• [PROBLEM STATEMENT]: Return the listing below verbatim. Pictures do not belong in the copy.

• [DATA BELOW]:
+ + + + + + +
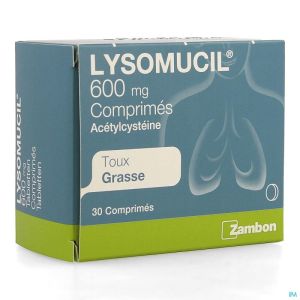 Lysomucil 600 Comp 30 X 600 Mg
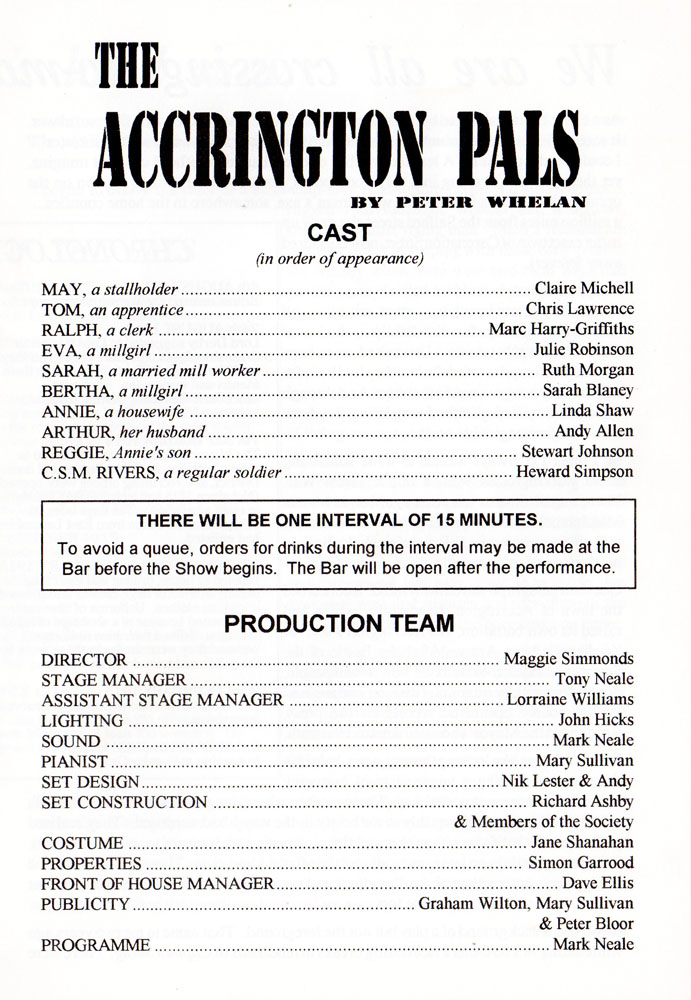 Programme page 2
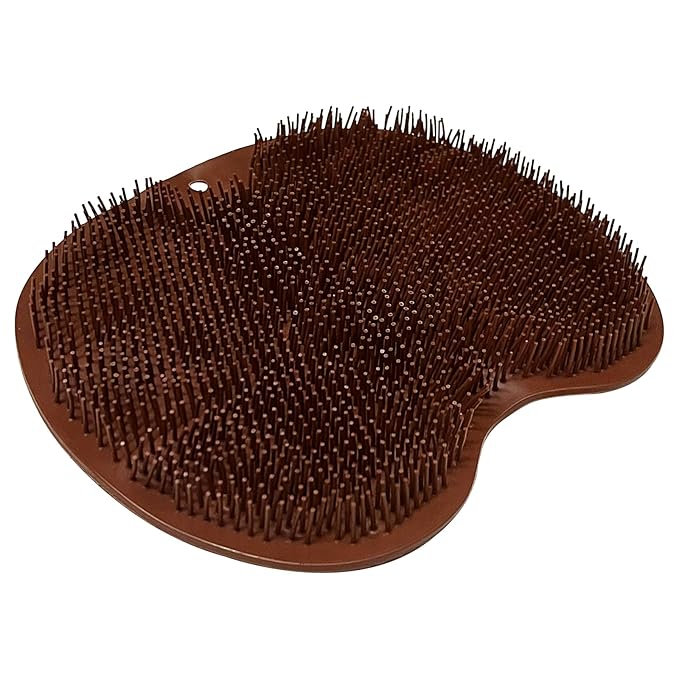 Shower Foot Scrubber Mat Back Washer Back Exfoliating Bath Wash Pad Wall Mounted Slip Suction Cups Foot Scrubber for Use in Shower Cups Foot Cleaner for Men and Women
+ + + + + + +
• [RESPONSE TO THIS TASK]:
 Lysomucil 600 Comp 30 X 600 Mg
 Programme page 2
 Shower Foot Scrubber Mat Back Washer Back Exfoliating Bath Wash Pad Wall Mounted Slip Suction Cups Foot Scrubber for Use in Shower Cups Foot Cleaner for Men and Women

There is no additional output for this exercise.